O instituto Real Time Big Data divulgou na segunda-feira, 24 de agosto, uma pesquisa de intenção de voto para o governo de São Paulo que coloca o governador Tarcísio de Freitas, do Republicanos, candidato à reeleição, com 52% das intenções de voto. Fernando Haddad, do Partido dos Trabalhadores, aparece com 35%. Pela leitura do levantamento, o governador venceria a disputa ainda no primeiro turno, com vantagem de 17 pontos percentuais sobre o segundo colocado.
O restante do quadro é pulverizado.
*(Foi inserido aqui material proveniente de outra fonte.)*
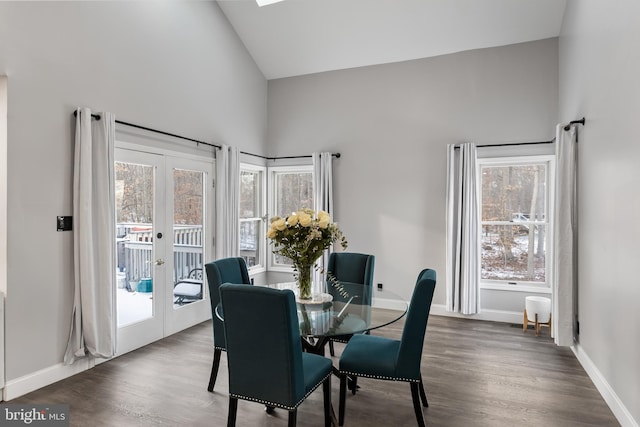 dining space with french doors, dark hardwood / wood-style flooring, and plenty of natural light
Vivian Mendes, da Unidade Popular, registra 1%. Carlos Machado, do Partido Comunista Brasileiro, Izadora Dias, do Partido da Causa Operária, Policial Edjane, do Agir, e Vera Lúcia, do Partido Socialista dos Trabalhadores Unificado, somam juntos outro 1%. Votos em branco e nulos aparecem com 5%, e 6% dos entrevistados não souberam ou não responderam. Num cenário simulado de segundo turno entre os dois primeiros colocados, Tarcísio de Freitas marca 54% e Fernando Haddad, 36%, com 5% de brancos e nulos e 5% de indecisos.
O instituto ouviu 2.000 eleitores em diferentes regiões do estado entre os dias 19 e 22 de agosto. A margem de erro declarada é de dois pontos percentuais, para mais ou para menos, com intervalo de confiança de 95%. A pesquisa foi custeada com recursos do próprio instituto, sem contratação de campanha ou de veículo, e está registrada no Tribunal Superior Eleitoral sob o protocolo SP-01347/2026.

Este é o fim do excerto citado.